You might have seen your favorite television detective use a polygraph examination on a murder suspect and wondered exactly how that machine works. How can a lie detector tell if someone is lying? The truth is that it can’t. Polygraphs don’t display any information about lying or truth to the polygrapher; instead they display information about the person’s physical responses to an interrogation.


Lying And Body Language

For a very long time, scientists have known that there are clues in our body language that should point out to us if someone is lying. There are numerous lists of the telltale signs of deception created by experts in nonverbal communication. Many of the easy to spot signs involve erratic or nervous movements, touching the face excessively, or sustaining unnatural eye contact. Experts also advise people trying to detect lies to look for micro expressions; these are the brief moments where you might see a look of extreme anxiety or discomfort on someone’s face before they begin constructing a lie.


The Polygraph

There are other physical signs of the anxiety produced by deception that mostly involve increased heart rate, blood pressure, and perspiration levels. These are of course nearly impossible to spot when talking with someone, and can vary for many other reasons. That’s why John A Larson invented the polygraph machine in 1921. He was a psychologist working on ways to improve police procedures with regards to suspects and realized that making it easy to see these physiological elements would help police to more accurately determine if someone was lying.


How It Works

As How Stuff Works explains, the polygrapher asks a series of questions, some of them “relevant” and some of them “control”. The control questions are simple facts about the person’s life, giving the polygrapher an idea of how their body responds to questions when they are telling the truth. Then, when asking relevant questions, such as did you murder your wife? Did you rob the bank? The polygrapher has a reference point for determining if their response was reasonably the truth or not.

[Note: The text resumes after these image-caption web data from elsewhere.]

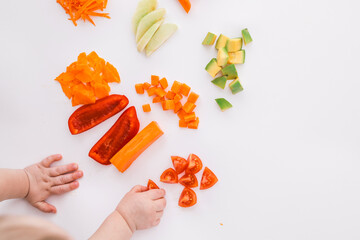 A child's hands reaching for freshly chopped vegetables on a white surface. Includes diced avocado,...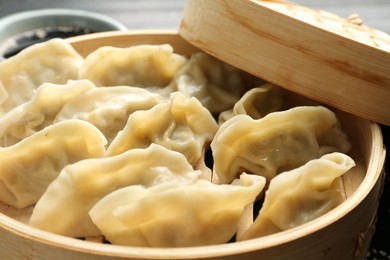 Photo of Tasty boiled gyoza (dumplings) in bamboo steamer on table, closeup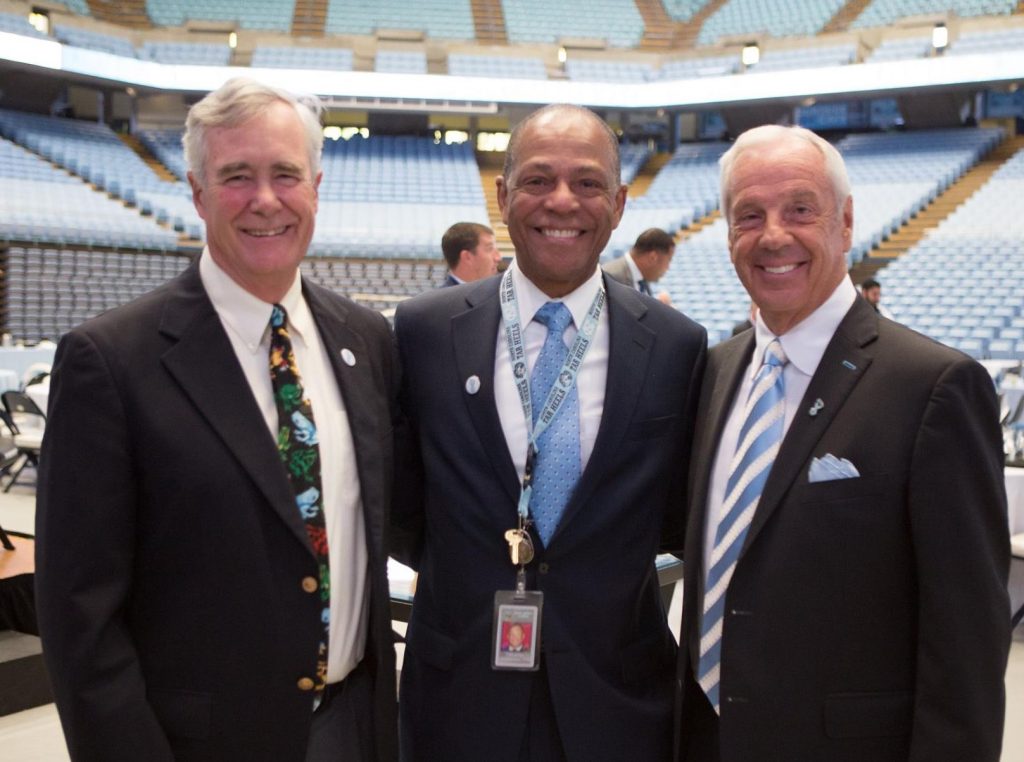 Thomas Shea, Judge Carl Fox and Roy Williams on the floor of the Dean Dome.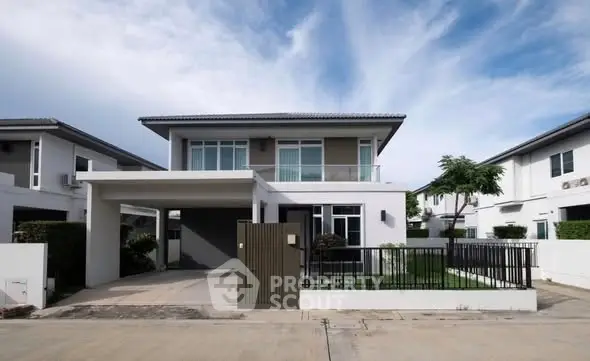 Modern two-story house with sleek design and spacious driveway in a suburban neighborhood.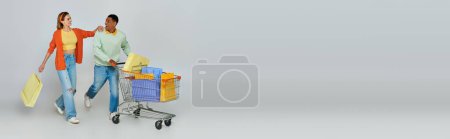 excited interracial couple walking with trolley and shopping bags on grey backdrop, banner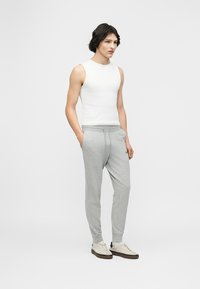 Νεαρός άντρας που στέκεται φορώντας λευκό αμάνικο μπλουζάκι, ανοιχτό γκρι φόρμα και μπεζ αθλητικά παπούτσια σε απλό ανοιχτό γκρι φόντο.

That’s why a polygraph doesn’t give a simple, or necessarily 100 percent accurate reading on whether something is truth or lie. Rather, it is a complex way of looking at the body’s responses to questions. Whether you believe this response give away deception or not is up for you to decide and debate with the experts who have drawn these conclusions. No matter what you think, the polygraph remains one of the few tools available for trying to find the truth.